In addition to First Lt. and Asst. Surg. C. C. Goddard, the medical staff included First Lt. and Asst. Surg. R. R. Ball, who was assigned in 1886.
Through the efforts of General Sheridan and others, congress passed a law in 1887 providing the sum of $200,000 for construction at Fort Riley, to provide facilities for a school of instruction for cavalry and light artillery. The school was established by Gen. Order No. 9, Headquarters of the Army, February 9, 1887.

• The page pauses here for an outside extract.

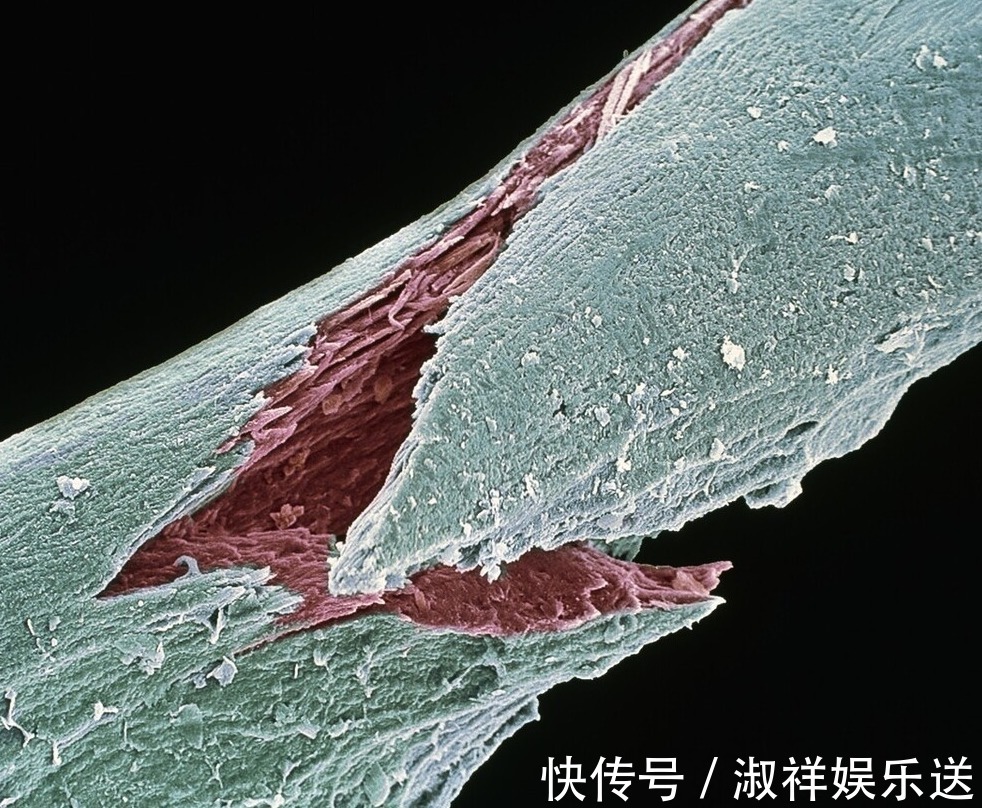 中老年人|骨质疏松不能吃鸡蛋骨科医生要想骨骼健康，2种食物别太贪吃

VI. The Second Permanent Hospital
In March, 1887, a board of officers headed by Lt. Col. and Surg. A. A. Woodhull was appointed to investigate and report upon the sanitary conditions of the post, upon the water supply and sewerage, and to make such recommendations as might be deemed necessary for a considerable increase of the garrison.
Surgeon Woodhull had been detailed for the board from his position of instructor in military hygiene at the infantry and cavalry school at Fort Leavenworth. He was born at Princeton, N. J., on April 13, 1837, the son of a physician, and prepared at Lawrenceville School for the College of New Jersey, where he received the degree of A. B. in 1856 and that of M. A. in 1859. In 1859 he was also graduated from the medical department of the University of Pennsylvania. During the two years following his graduation, he practiced medicine, first in Leavenworth, and later at Eudora. With the outbreak of the Civil War, he was active in recruiting a troop of mounted rifles for the Kansas militia, in which he was commissioned a lieutenant. Before the unit was mustered into the federal service, Woodhull received an appointment to the medical corps of the regular army, on September 19, 1861. At the close of the war, he was breveted a lieutenant colonel. He had duty tours in the Army Medical Museum, the office of the surgeon general, command of the Army and Navy Hospital at Hot Springs, Ark., and in 1899 he was chief surgeon of the Department of the Pacific at Manila. He was retired in 1901 but in 1904 was advanced to the grade of brigadier general on the retired list. After his retirement he was a lecturer at Princeton University. He died October 18, 1921.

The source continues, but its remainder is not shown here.